La signora A. è risultata affetta da una malattia borderline resectable, sufficientemente estesa da impedire di ricorrere a una terapia chirurgica risolutiva al momento della diagnosi, ma non tanto da escludere a priori questa possibilità, purché in seguito a un trattamento chemioterapico caratterizzato da una buona risposta tumorale.
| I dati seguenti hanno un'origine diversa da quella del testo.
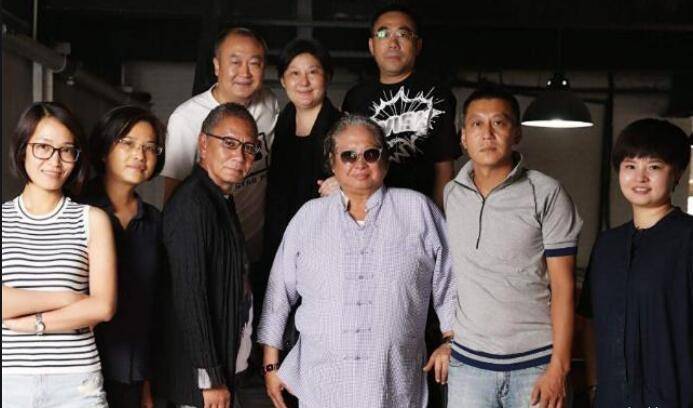 由于剧组资金近张,洪金宝临时让替身出演,没想到演成荧幕经典_僵尸_洪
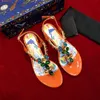 Hot Sale-Strappy Sandals för Ladies Ny Vår / Sommar godis Sandaler Utsökt och Vacker Rhinestone Style Shoes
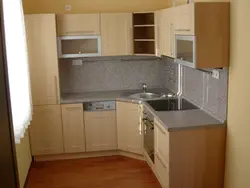Маҷмӯи ошхона бо танӯраи кунҷӣ барои як акс ошхона хурд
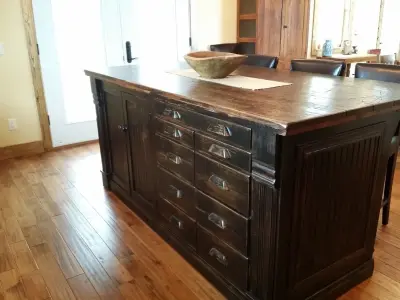 Whitley South Kitchen by Roanoke Woodworking Inc.
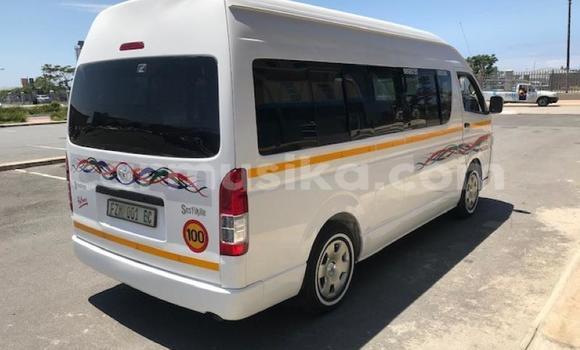 Tenga Tsaru Toyota Hiace Chena Mota in Beitbridge in Matabeleland South Tenga Tsaru Toyota Hiace Chena Mota in Beitbridge in Matabeleland South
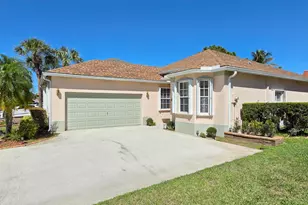 286 Saratoga Blvd E, Royal Palm Beach, FL 33411 - Photo 2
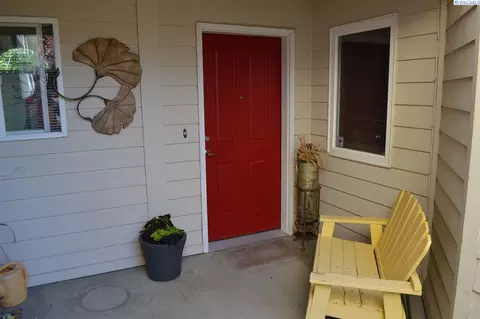 215 NW Brandon, Pullman, WA 99163 photo 1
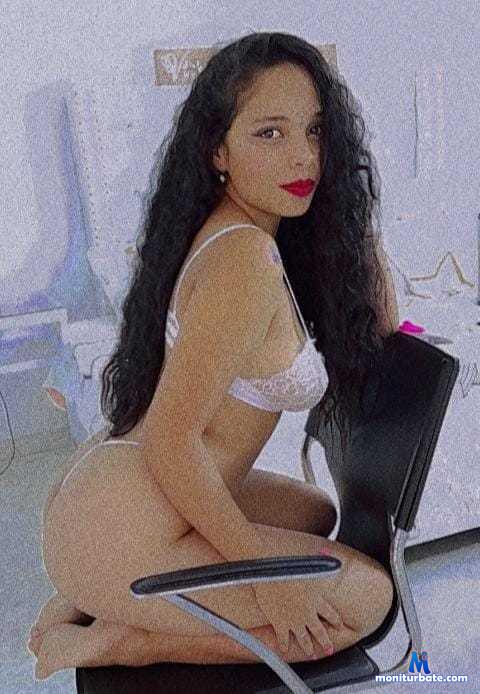 valery-01 Camsoda performer 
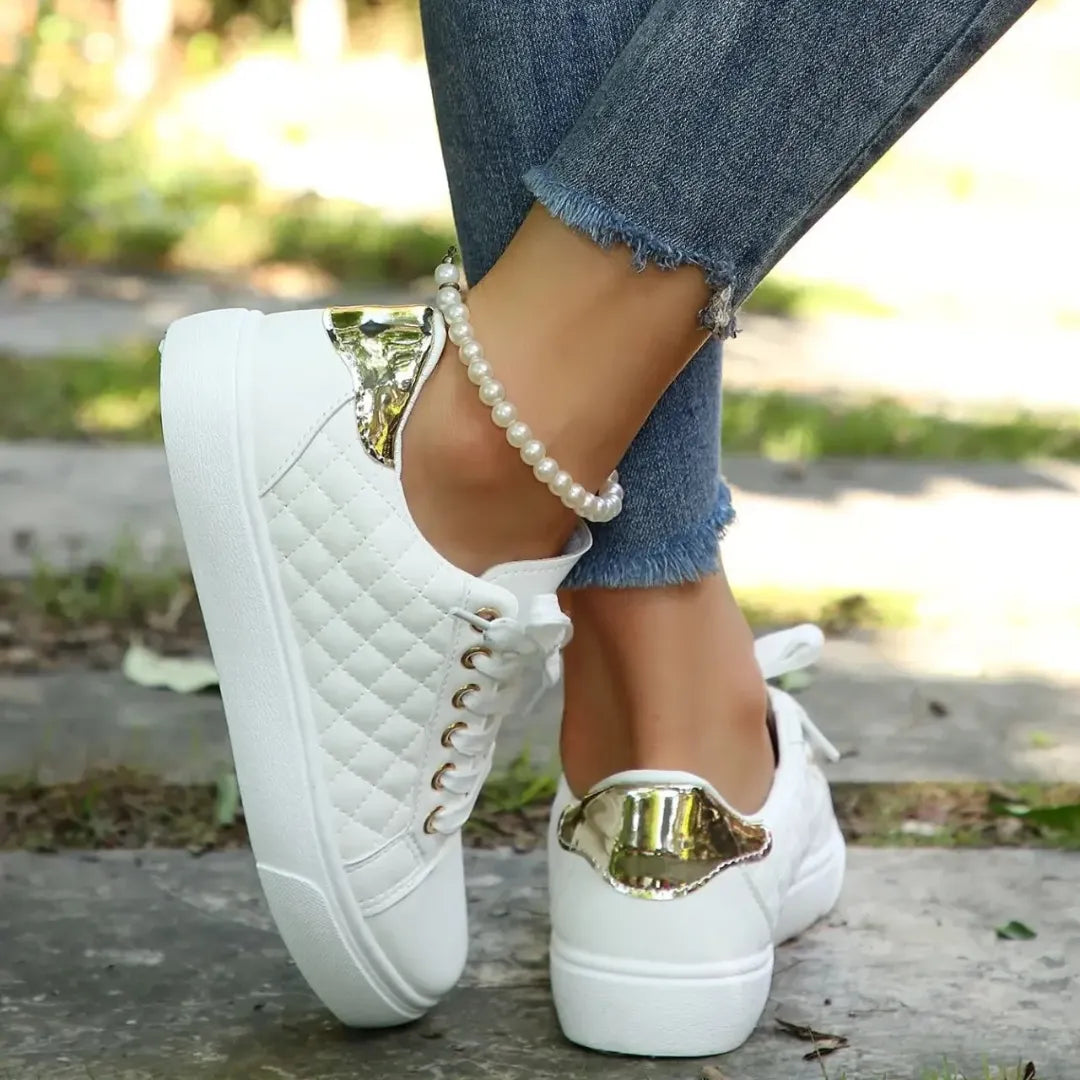 Women's Quilted Orthopaedic Sneakers with Lace-Up Closure for All-Day Comfort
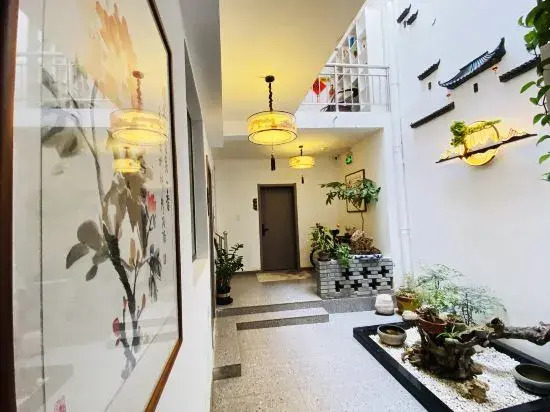Youjing Xiaoyuan Homestay (Luoyi Ancient City Street Branch)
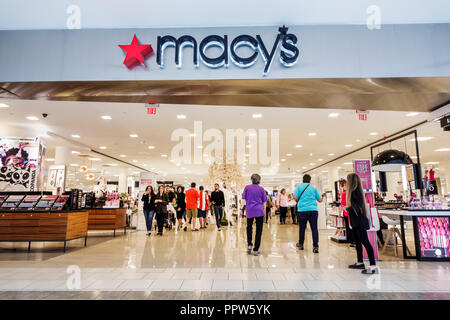 Miami Florida,Kendall,Dadeland mall,Macy's Department Store,inside interior,front entrance,FL180527070 Stock Photo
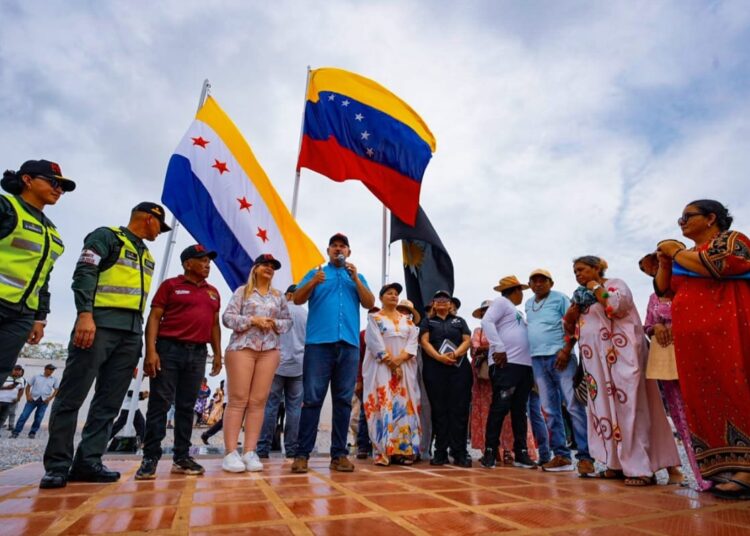 El Gobernador Luis Caldera fortalece la educación en la frontera zuliana con tres escuelas para el pueblo wayuu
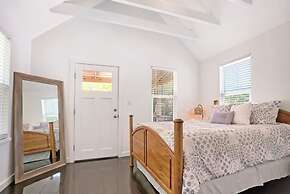 Hot Tub Propane BBQ Downtown St Aug Parking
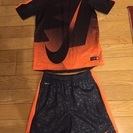 【新品】ナイキ 上下セット 子供用 Sサイズの画像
La buona risposta alla chemioterapia, tuttavia, non c'è stata, nè vi sarebbe stata se la terapia fosse stata iniziata nel giugno 2013 anziché nel gennaio 2014: difatti, i periti hanno accertato che il ritardo diagnostico non aveva determinato una diminuzione della durata di vita della signora, né tantomeno ne aveva diminuito le chance di sopravvivenza, escludendo così ogni nesso causale tra eventuali omissioni dei sanitari e il suo decesso.

Non essendo emerso, dall'istruttoria del processo penale, una prova affidabile circa il fatto che una diagnosi e un trattamento della patologia tempestivi avrebbero consentito alla signora A. di avere una “sopravvivenza apprezzabile”, da intendersi non solo in termini di durata della vita ma anche di qualità della stessa, i medici sono stati definitivamente assolti dall'accusa di averne cagionato la morte, perchè il fatto non sussiste.

La condanna di un cittadino per un reato, infatti, non può e non deve avvenire sulla base di indizi, ma di prove certe: c’è in gioco la libertà delle persone, e per quanto siano condivisibili e apprezzabili le ragioni della persona offesa dal reato, vale il principio per cui “meglio un colpevole libero che un innocente dietro le sbarre”.